UK Tory Minister Blames Joblessness Crisis on Pornography, Video Games

UK Tory Minister Blames Joblessness Crisis on Pornography, Video Games

LONDON — The U.K. Tory government’s Work and Pensions Secretary this week blamed “pornography and video games” for what he called “a mental health crisis among young men” that he claims has resulted in them leaving the workforce.

Mel Stride, a career Conservative politician since 2006, used adult content as a way to explain disastrous official figures showing almost a million Brits between the ages of 16 and 24 could not be found in either education, employment or training in the first trimester of 2024.

Stride has held office in three Tory governments since 2015, with duties overseeing matters directly impacting economic and labor policy.
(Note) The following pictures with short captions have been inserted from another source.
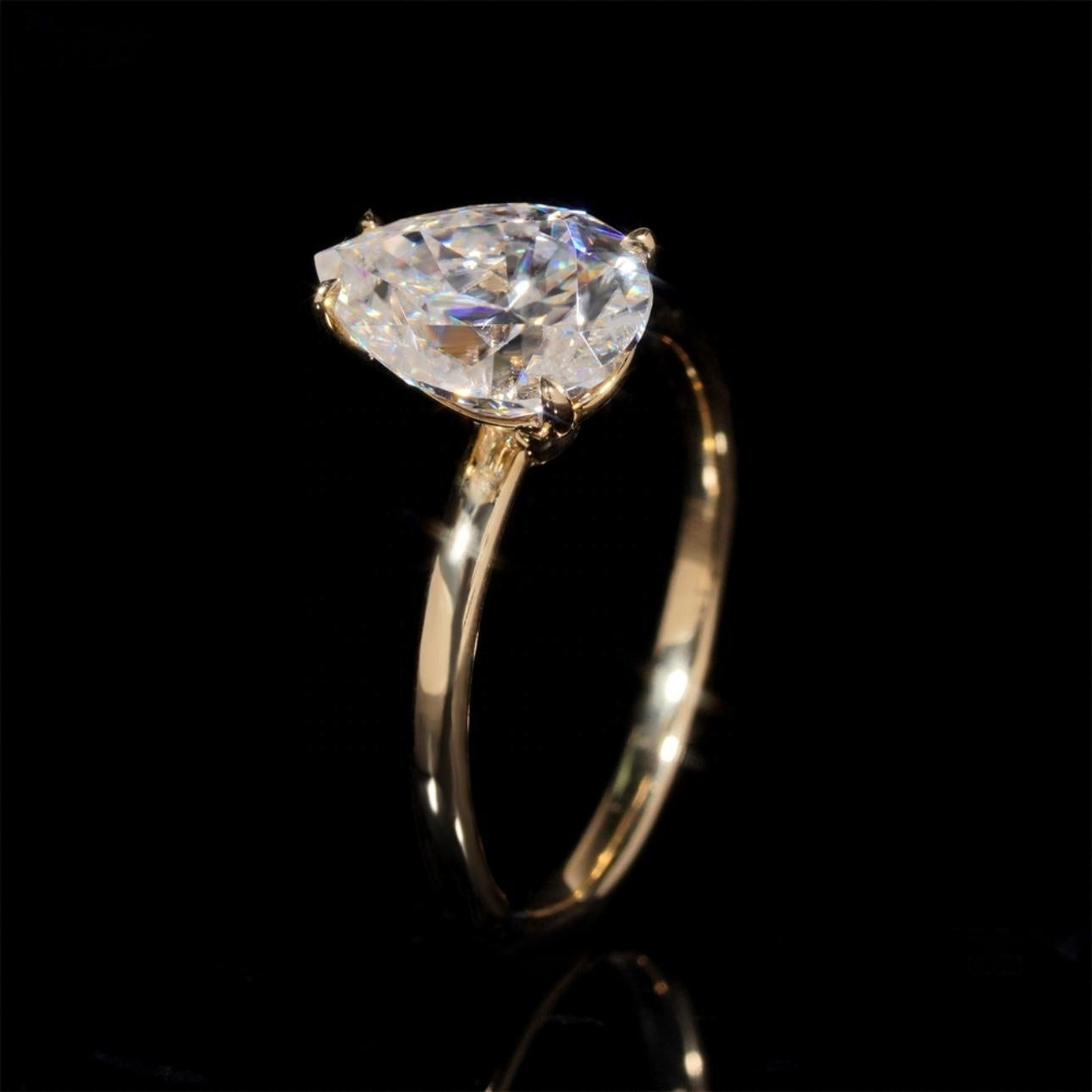 14K GOLD PEAR CUT MOISSANITE ENGAGEMENT RING VTRG1023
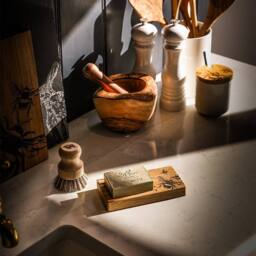 Selbrae House Bee Oak Soap Dish & Soap Set in Light Oak - thumbnail 2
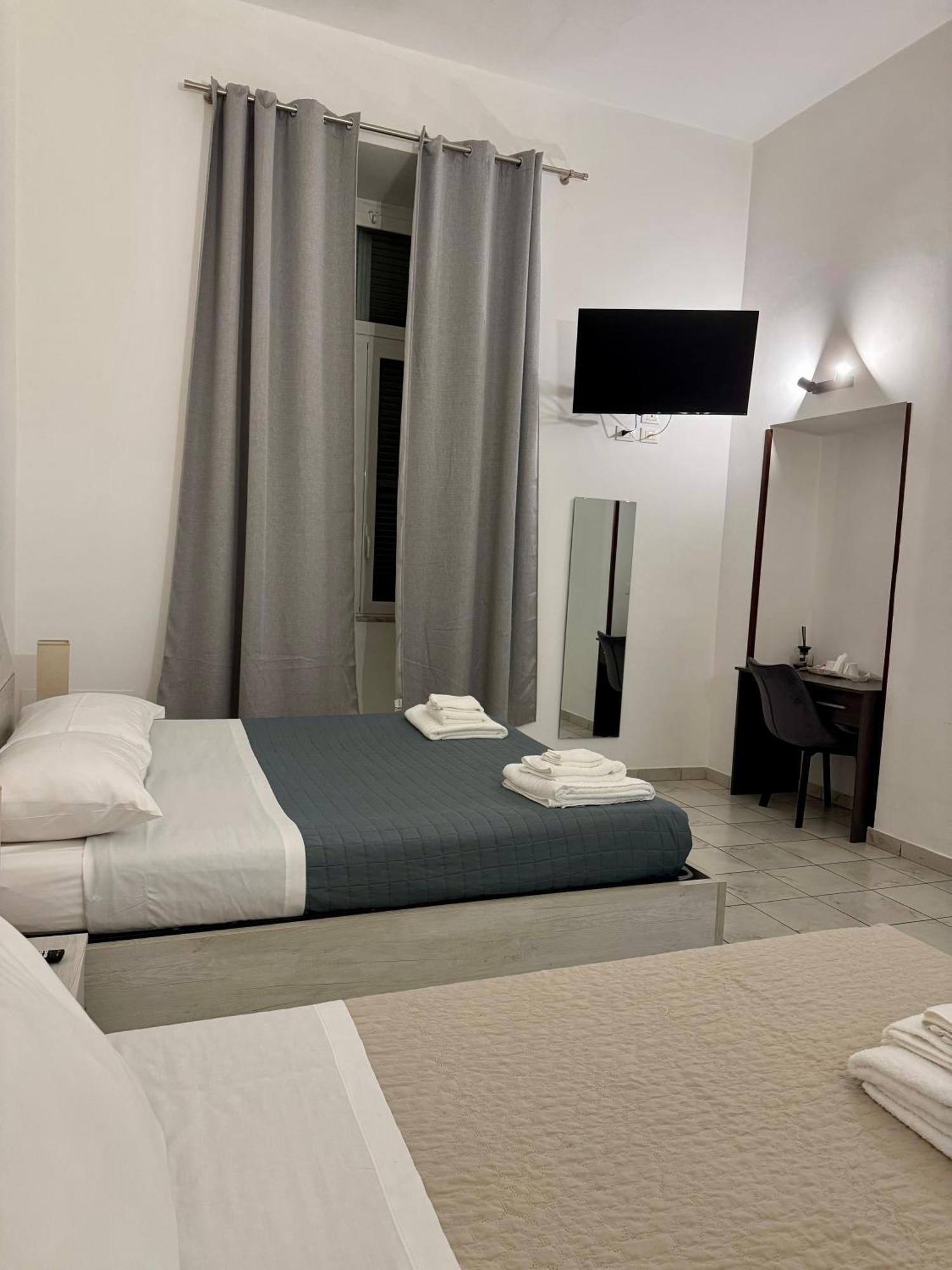 Bosuites Rome Bagian luar foto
He was Lord Commissioner of the Treasury under David Cameron (2015-2016), Comptroller of the Household, Financial Secretary to the Treasury, Paymaster General and Leader of the House of Commons under Theresa May (2016-2019), before being appointed Secretary of State for Work and Pensions by current Prime Minister Rishi Sunak in October 2022.

The Sunak government has been plagued by accusations of inefficiency, and General Elections have been called this week for July.

Stride himself caused a scandal last month prompted by his callous statements about stopping financial support to the mentally ill, as part of “a full-on assault on disabled people,” according to the opposition.

This week, Stride claimed that it was not the policies of Conservative governments which have ruled the U.K for an uninterrupted 14 years since 2010 that caused this year’s dismal job statistics, but social media and technology leading to “a very worrying” increase in mental health conditions among young people, which was fueling economic inactivity, the main conservative newspaper The Telegraph reported.

Stride also theorized before a government committee that, while women’s mental health has been suffering “because of unrealistic ideals portrayed on social media platforms such as TikTok and Instagram,” in the case of young men, “things like gaming, and certainly pornography and things like that, is a more prevalent factor.”

Stride proposed more research into technology was needed to fix the country’s economic and labor decline.

“I do think probably as a society we haven’t explored and fully opened up exactly what this technology means for young people’s mental health because I think the impacts are actually very profound and probably an area where there needs to be more research.”

The Sunak government of, which Stride is a part, has failed to show many political victories since coming to power as a weak compromise choice in late 2022, after the scandal-plagued Boris Johnson government and the brief Liz Truss interregnum.

One of the Sunak government’s few wins, however, was the 2023 passage of the controversial Online Safety Act, which effectively instituted government censorship of all adult content, which the legislation considers universally “harmful to minors.”